- [Supplied material]:
· · · · · · ·
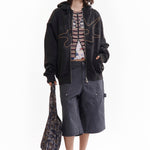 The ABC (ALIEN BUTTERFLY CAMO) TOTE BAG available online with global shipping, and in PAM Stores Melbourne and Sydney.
· · · · · · ·
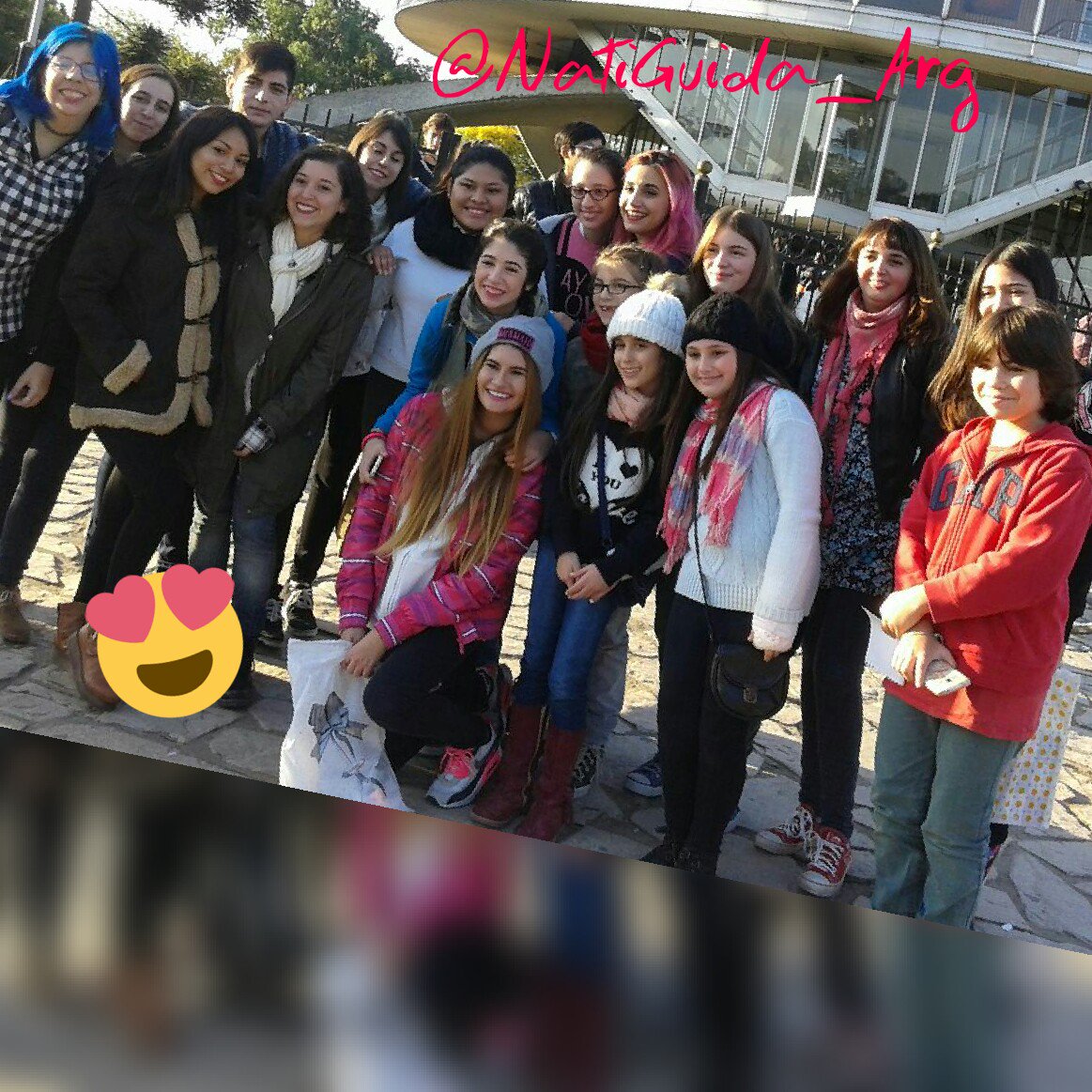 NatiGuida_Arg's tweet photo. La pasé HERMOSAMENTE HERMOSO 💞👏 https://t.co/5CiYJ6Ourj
· · · · · · ·
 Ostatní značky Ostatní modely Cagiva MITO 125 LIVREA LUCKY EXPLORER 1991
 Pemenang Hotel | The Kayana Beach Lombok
· · · · · · ·
- [Brief]: The reply should hold only the lines of the listing above starting at the line containing "Ostatní značky Ostatní" and ending at the line containing "Pemenang Hotel | The Kayana Beach Lombok", exactly as written.

- [Answer to the exercise]:
 Ostatní značky Ostatní modely Cagiva MITO 125 LIVREA LUCKY EXPLORER 1991
 Pemenang Hotel | The Kayana Beach Lombok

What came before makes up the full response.